Dans un premier sens, il s’agit d’une contextualisation accrue de l’étude des développements de la pensée politique et de la théorie politique. A ce titre, les travaux de l’" école de Cambridge " (Skinner, Pocock) apparaissent comme précurseurs. Ils prennent en effet en compte (d’une manière approfondie) le contexte d’énonciation des " grands textes " de la théorie politique, et tentent de reconstituer la pluralité des visées de ces textes. On peut aussi évoquer dans cette perspective les travaux de Michel Foucault, notamment ceux qui portent sur une analyse historique de la " gouvernementalité ". Mais ce type de démarche peut aussi être retrouvé dans des travaux qui s’intéressent à l’évolution contemporaine des controverses qui agitent la philosophie politique (les Etats-Unis fournissant ici un terrain exemplaire), et à leurs usages socio-politiques. Ici, en un sens, la prise en compte du contexte " éclaire " l’étude de la théorie politique.

Mais, dans un deuxième sens, la théorie politique peut à son tour " éclairer " le contexte. Dans cette perspective, les instruments conceptuels de la théorie politique sont utilisés pour l’analyse de situations d’interactions concrètes, afin de formaliser les répertoires de justification ou les visées normatives des acteurs. Les travaux de Boltanski et Thévenot ont, en ce sens, représenté une avancée (récemment étendue à une dimension comparative par Thévenot et Lamont), avec une ambition formalisatrice assez poussée.

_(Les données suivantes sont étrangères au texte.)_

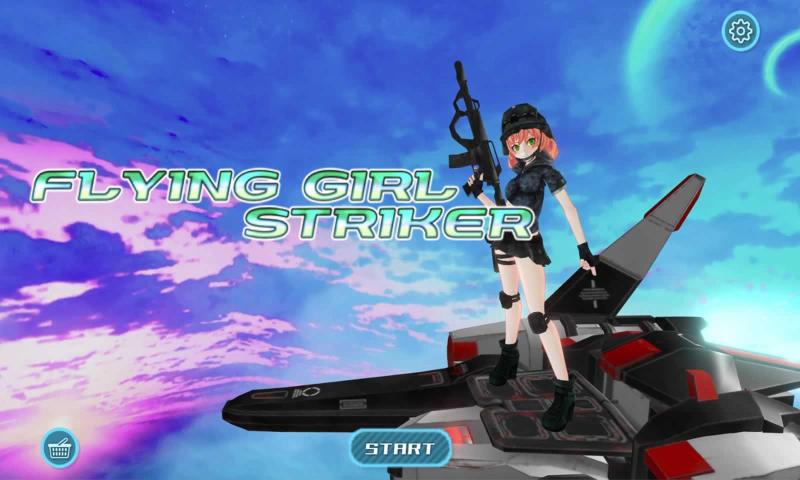 FlyingGirlStriker(飞行少女射击)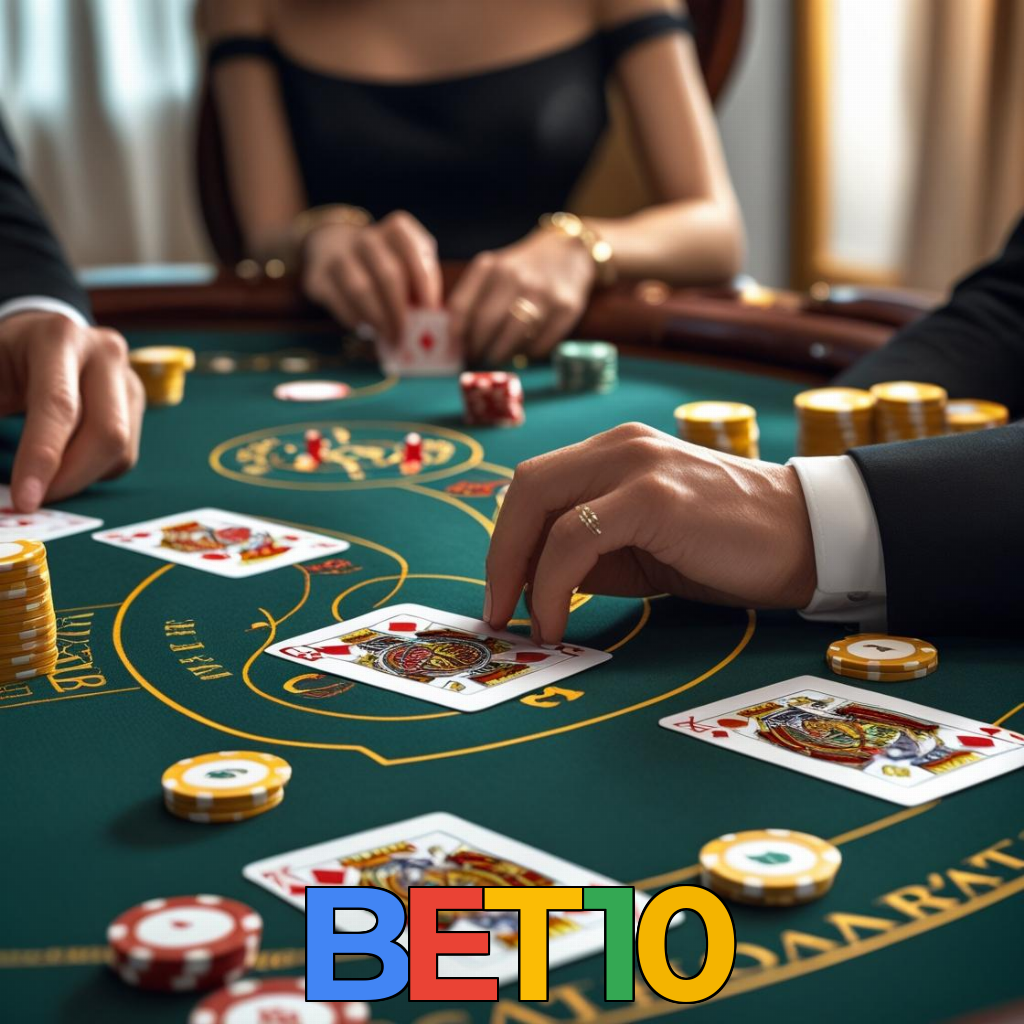BET10：Jogue nas nossas mesas de poker e conquiste vitórias épicas!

Le même type de projet peut être retrouvé dans d’autres travaux, pour lesquels l’usage des modèles proposés par la théorie politique permet d’analyser de manière plus claire et systématisée certains enjeux du débat public contemporain (ce qui peut d’ailleurs permettre en retour un retour critique sur les modèles de théorie politique).

Si elles dessinent des pistes différentes, ces directions de recherche ont ceci en commun qu’elles cherchent à contribuer à un désenclavement de la théorie politique par rapport aux autres sciences sociales : enjeu qui sera aussi un objet de discussion au sein de cet atelier.